BEGIN

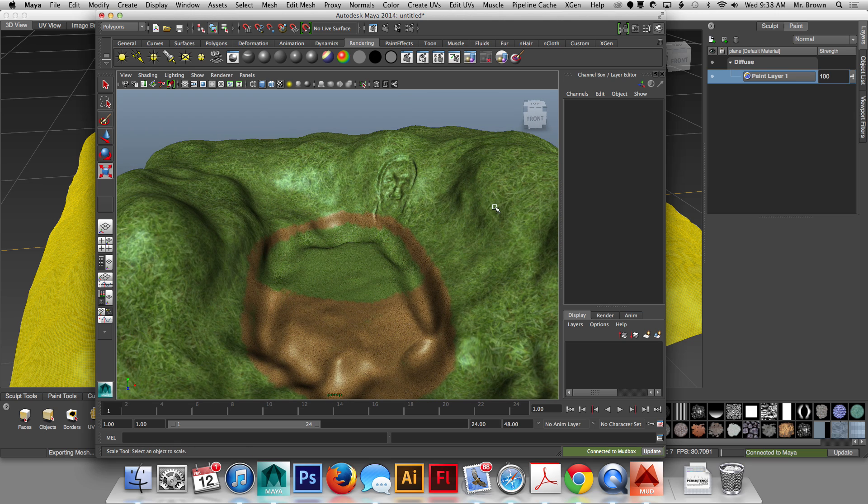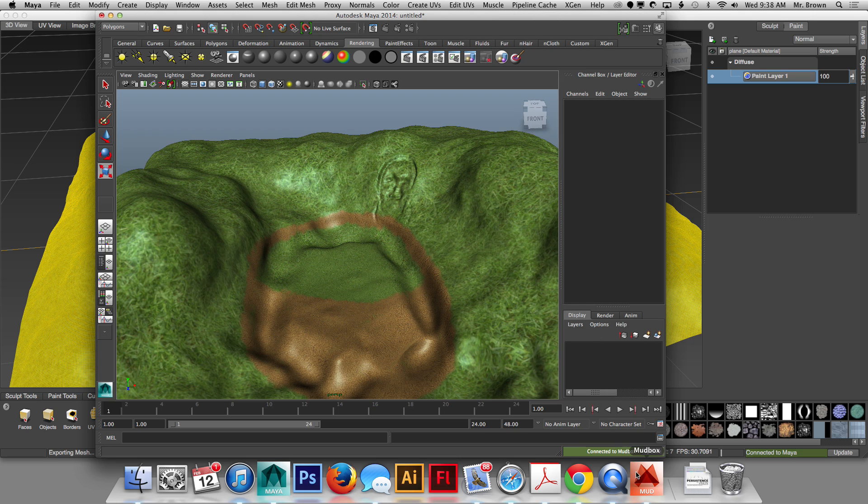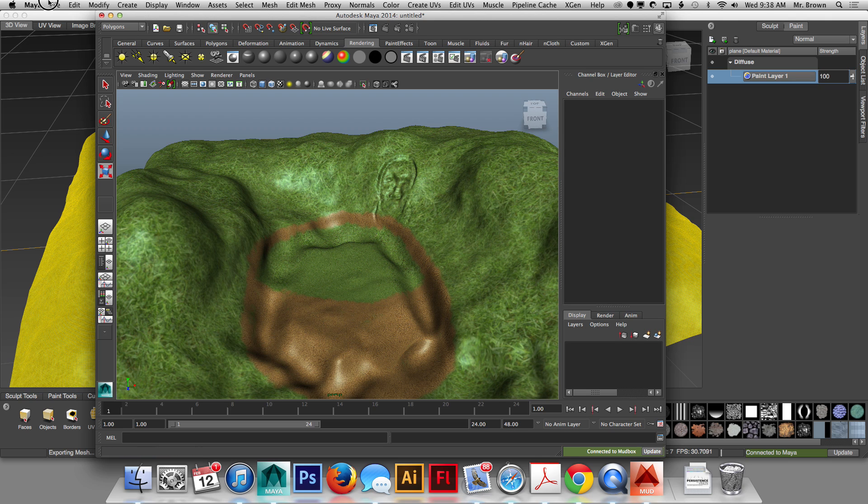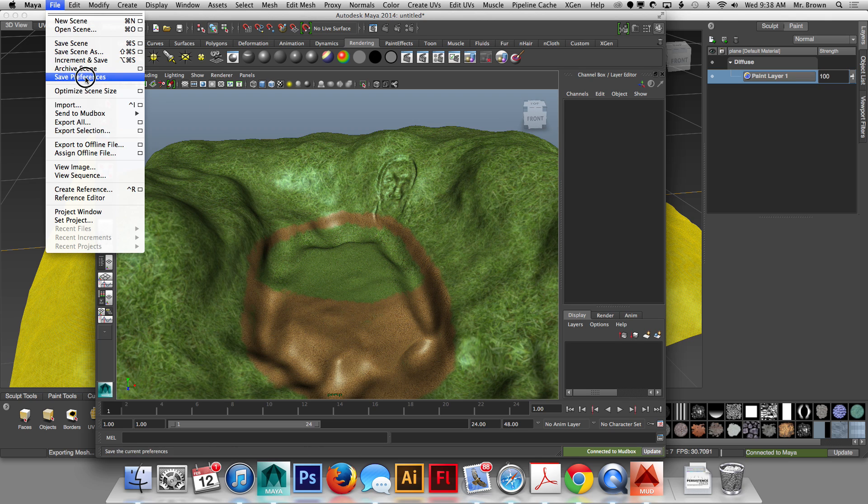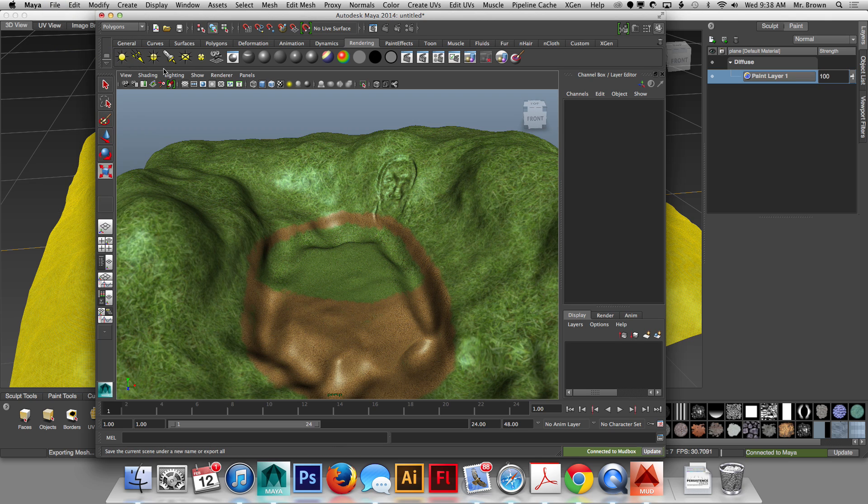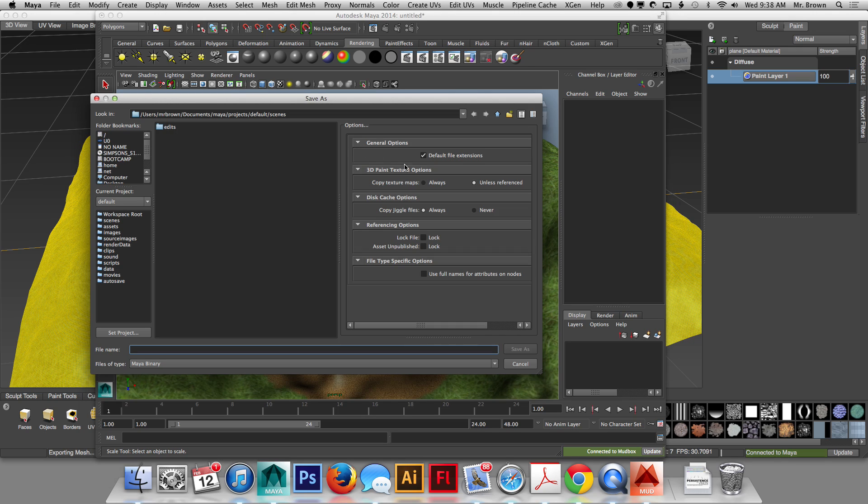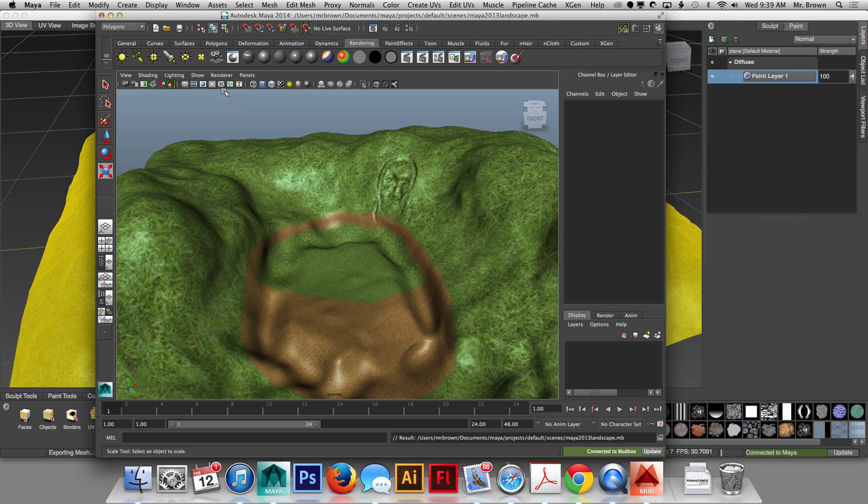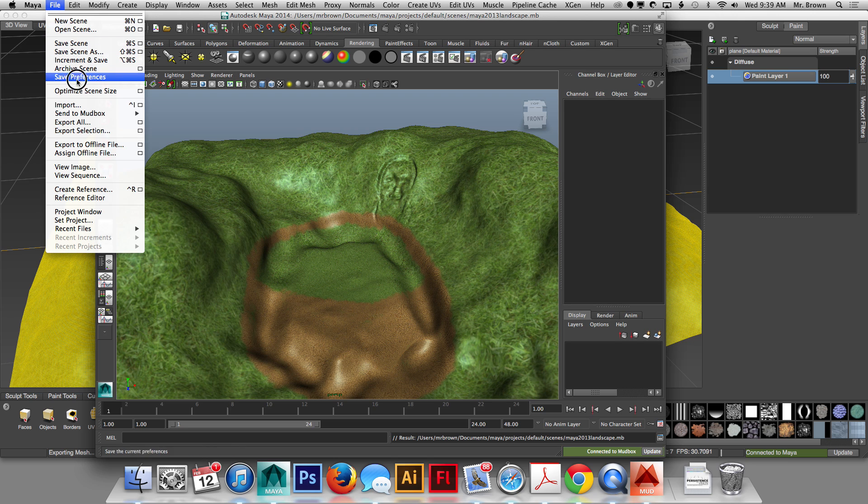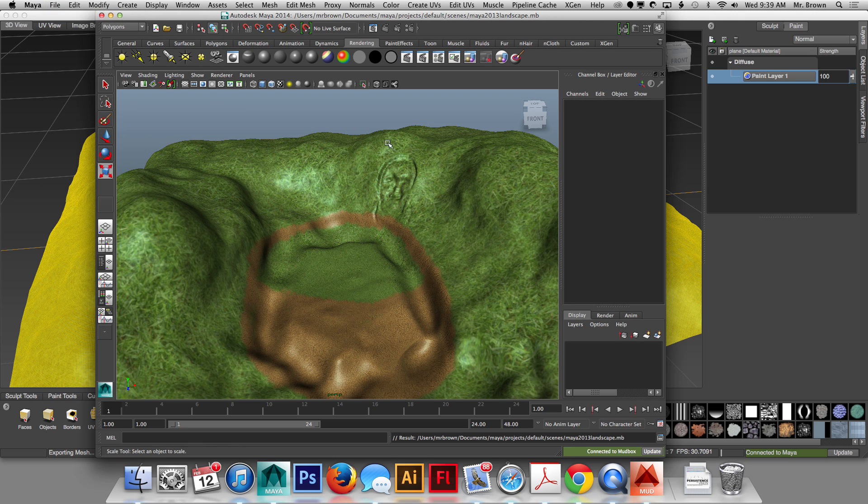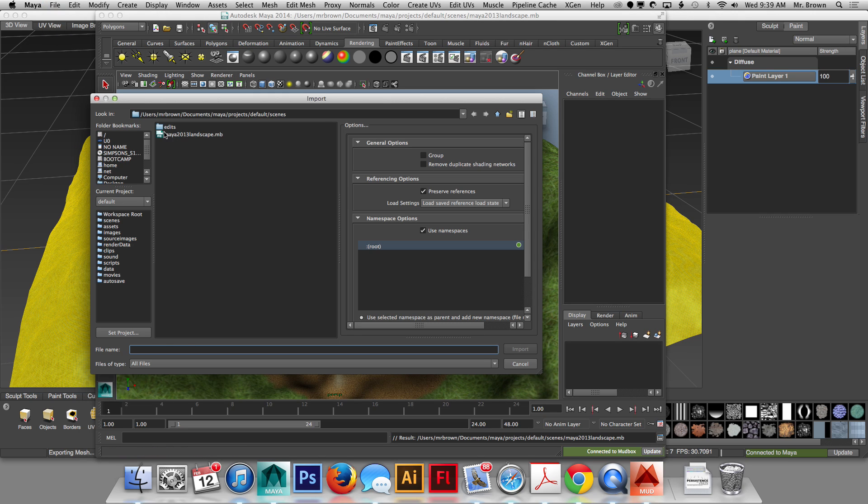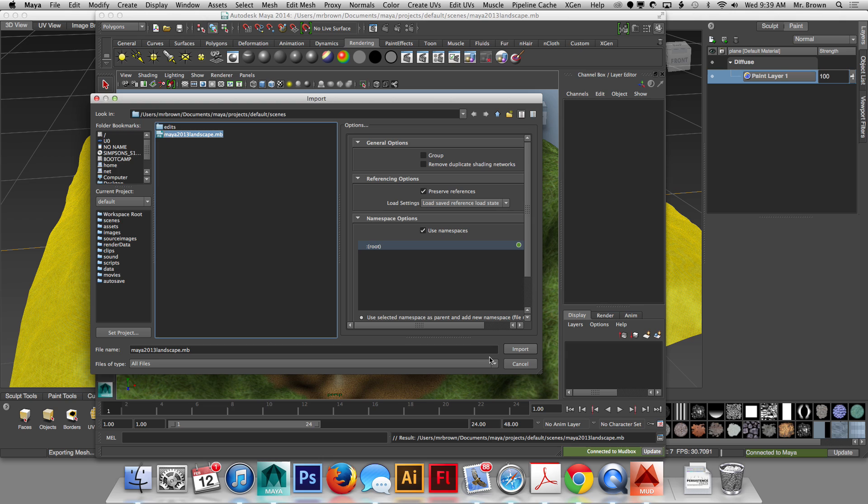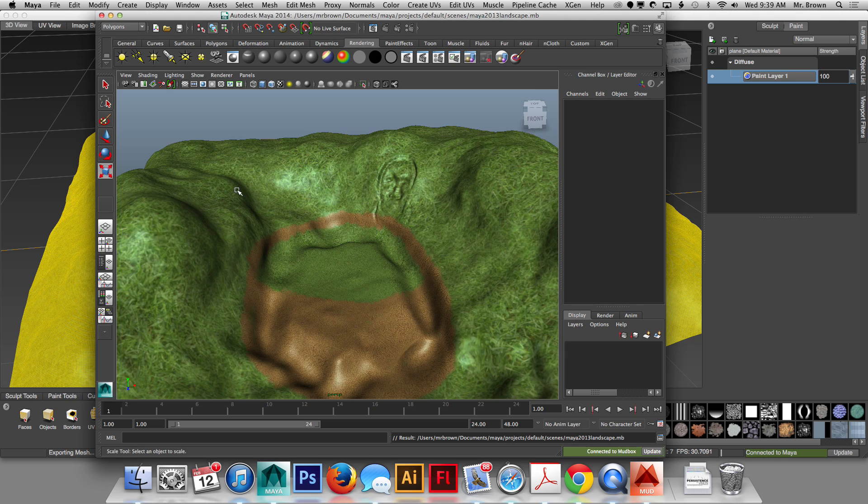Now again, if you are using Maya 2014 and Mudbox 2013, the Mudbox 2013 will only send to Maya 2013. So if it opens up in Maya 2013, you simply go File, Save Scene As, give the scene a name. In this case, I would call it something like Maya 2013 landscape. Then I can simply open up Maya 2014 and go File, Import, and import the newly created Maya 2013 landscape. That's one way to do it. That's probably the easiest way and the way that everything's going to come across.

END
BEGIN

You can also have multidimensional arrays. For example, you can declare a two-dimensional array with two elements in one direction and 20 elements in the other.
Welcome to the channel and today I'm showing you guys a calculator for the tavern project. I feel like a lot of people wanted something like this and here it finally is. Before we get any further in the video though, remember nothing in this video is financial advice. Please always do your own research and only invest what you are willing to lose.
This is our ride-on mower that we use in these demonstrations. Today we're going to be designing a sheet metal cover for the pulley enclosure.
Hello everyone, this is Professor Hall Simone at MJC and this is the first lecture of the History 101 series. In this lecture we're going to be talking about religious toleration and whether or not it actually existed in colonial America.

END
BEGIN

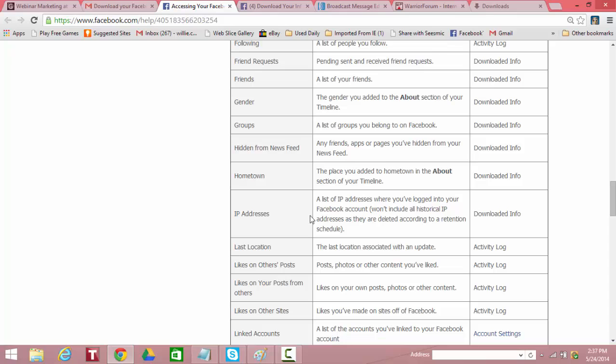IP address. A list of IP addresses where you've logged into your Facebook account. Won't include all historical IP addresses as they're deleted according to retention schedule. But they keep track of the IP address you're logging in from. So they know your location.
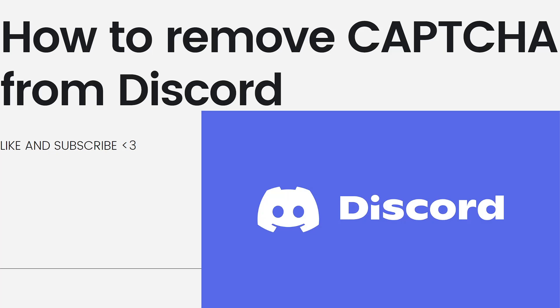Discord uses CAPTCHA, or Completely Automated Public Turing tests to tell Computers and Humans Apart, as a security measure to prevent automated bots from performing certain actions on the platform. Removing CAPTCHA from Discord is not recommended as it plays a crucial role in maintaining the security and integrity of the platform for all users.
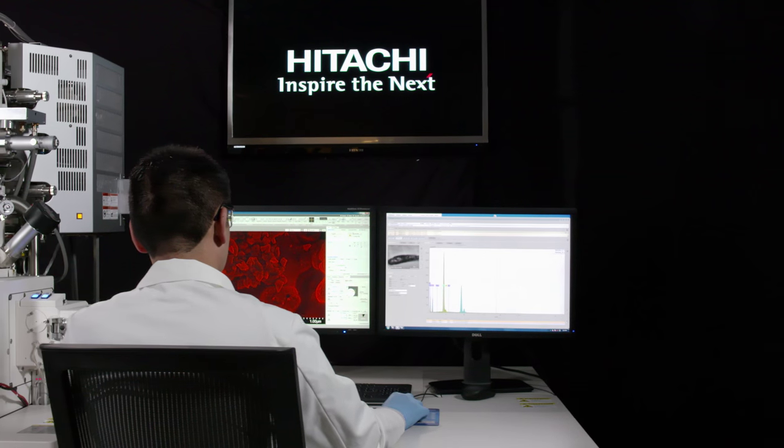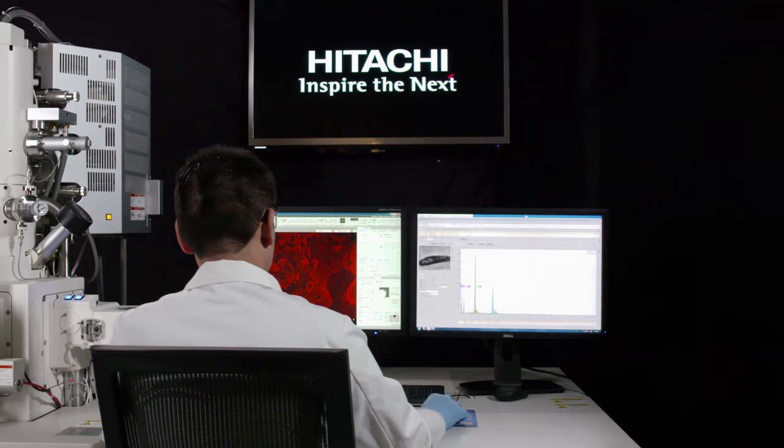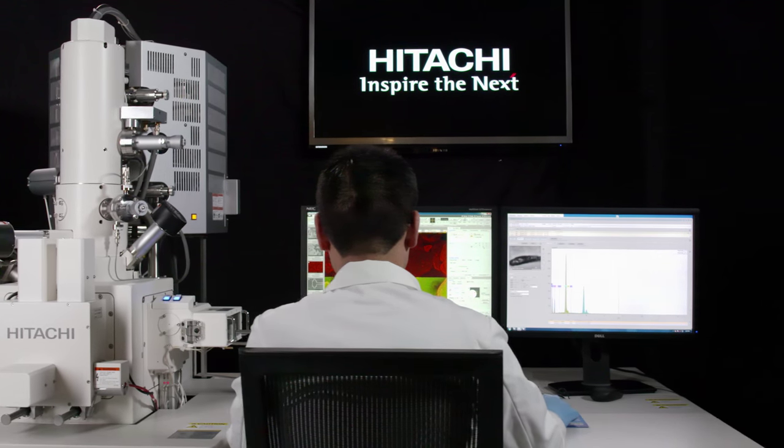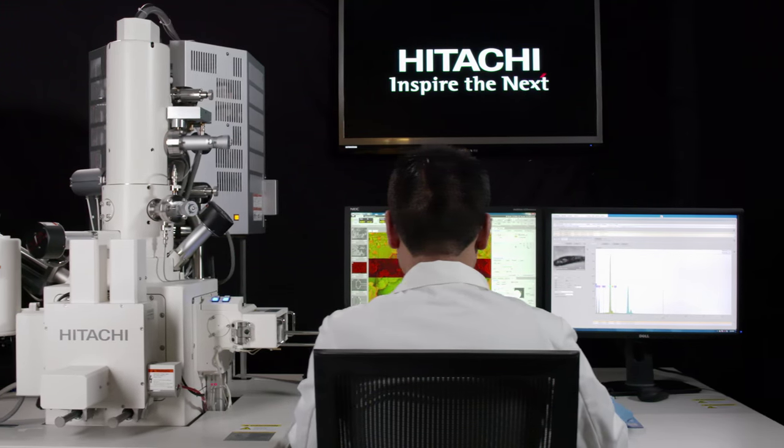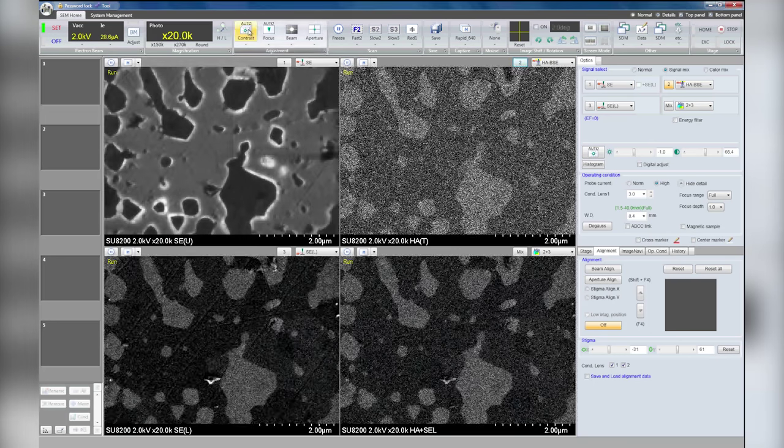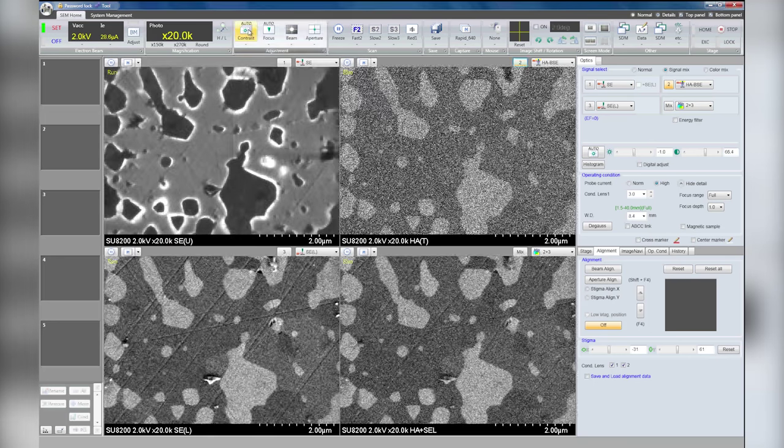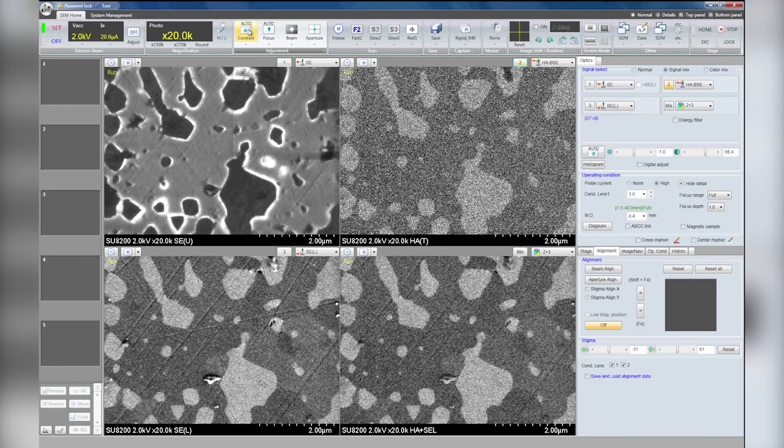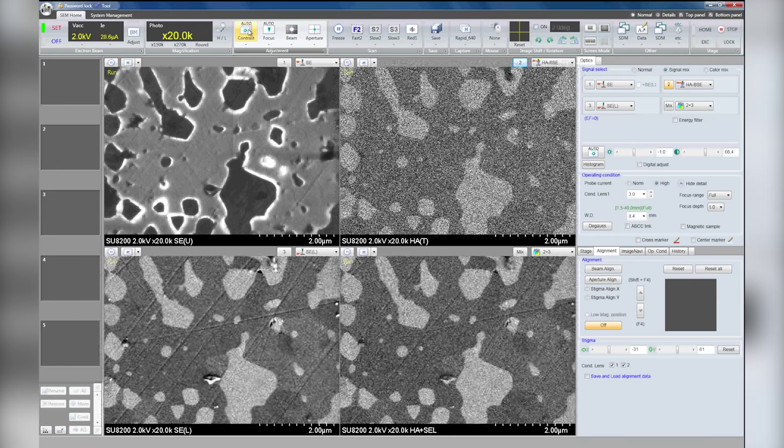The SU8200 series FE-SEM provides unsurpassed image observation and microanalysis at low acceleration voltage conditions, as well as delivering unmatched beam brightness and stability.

END

Up in the listing, locate the line with "IP address. A"; print it and every line after it down to the line with "The SU8200 series", which is included too. Skip the pictures.

Answer to the exercise.
IP address. A list of IP addresses where you've logged into your Facebook account. Won't include all historical IP addresses as they're deleted according to retention schedule. But they keep track of the IP address you're logging in from. So they know your location.
Discord uses CAPTCHA, or Completely Automated Public Turing tests to tell Computers and Humans Apart, as a security measure to prevent automated bots from performing certain actions on the platform. Removing CAPTCHA from Discord is not recommended as it plays a crucial role in maintaining the security and integrity of the platform for all users.
The SU8200 series FE-SEM provides unsurpassed image observation and microanalysis at low acceleration voltage conditions, as well as delivering unmatched beam brightness and stability.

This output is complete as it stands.